Somewhat overblown but still interesting article on foreigners now accounting for a small percentage of South Korea’s homeless population:
“The center said the nationalities of the homeless were varied and included people from the United States, Canada and Russia.
‘As of now, about 60 homeless people from various countries are staying at four temporary shelters around the city,’ said Yeo Jae-hun, head of the center. ‘I believe there are more on the streets of Seoul.’”
As globalization continues to penetrate into what was traditionally a very highly regimented and guarded Korean society, this seems inevitable. The English teacher who gets fired but doesn’t have the money for a plane ticket home might just end up on the street. (It’s no secret that many private English schools will can teachers prematurely to avoid paying for their return ticket home.) The Afghanistan veteran who has undiagnosed P.T.S.D. might have a manic episode and wind up in a strange town with no identification.
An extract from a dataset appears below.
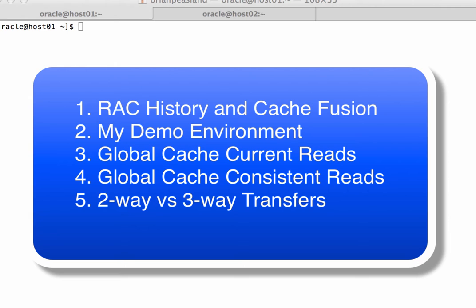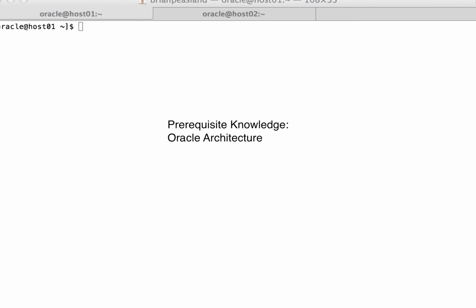After viewing this video, you should have a better understanding of how Cache Fusion works, the differences between current and consistent read transfers, the difference between two-way versus three-way transfers, and the wait events associated with global cache transfers. I do assume that you have a basic understanding of Oracle's architecture, including the concept of an Oracle instance, the buffer cache, how data gets moved into the buffer cache, and wait events.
But this part doesn’t make sense to me:
“The Justice Ministry admitted homeless foreigners are a technical headache.
‘When they are visitors with valid visas, we cannot send them back home because they didn’t violate the Immigration Control Act,’ said an official from the ministry.”
Unless you’re married to a Korean or go through the hoops of learning the language sufficiently enough to earn an “F” level visa, English teachers here are “E” levels. E-2 typically, or E-1 (which I’m on) for a college position (which sounds nice and has a few benefits to an E-2, but not that many).
On an E visa your legal alien status is dependent on the good will of your sponsor, who is your boss. The second they decide to fire you you are, effectively, an illegal alien.
So when I hear these stories my first thought is wow, fantastic, another opportunity for the South Korean media to blame all of the country’s problems on dirty foreigners. But second, really Mr. Justice Ministry spokesperson? By definition the E visa system is designed to automatically boot any foreigner from the country who is no longer gainfully employed. They don’t even have a chance to find another job, even if there’s high demand. (I’ve heard this is how Japan works but I’m not certain.)
The fear of unwashed homeless foreigner masses is par for the course for the South Korean media. What I don’t get is the whinging of officials unless there is, for some strange reason, a group of foreigners coming here on tourist visas to be homeless. As as bad as the States are in this regard, being a homeless foreigner in South Korea must be ten times worse. Even then, you just wait 30-90 days to kick them out.
As for U.S. soldiers who somehow end up on the street, wouldn’t they be A.W.O.L.? Just drive them to the nearest base.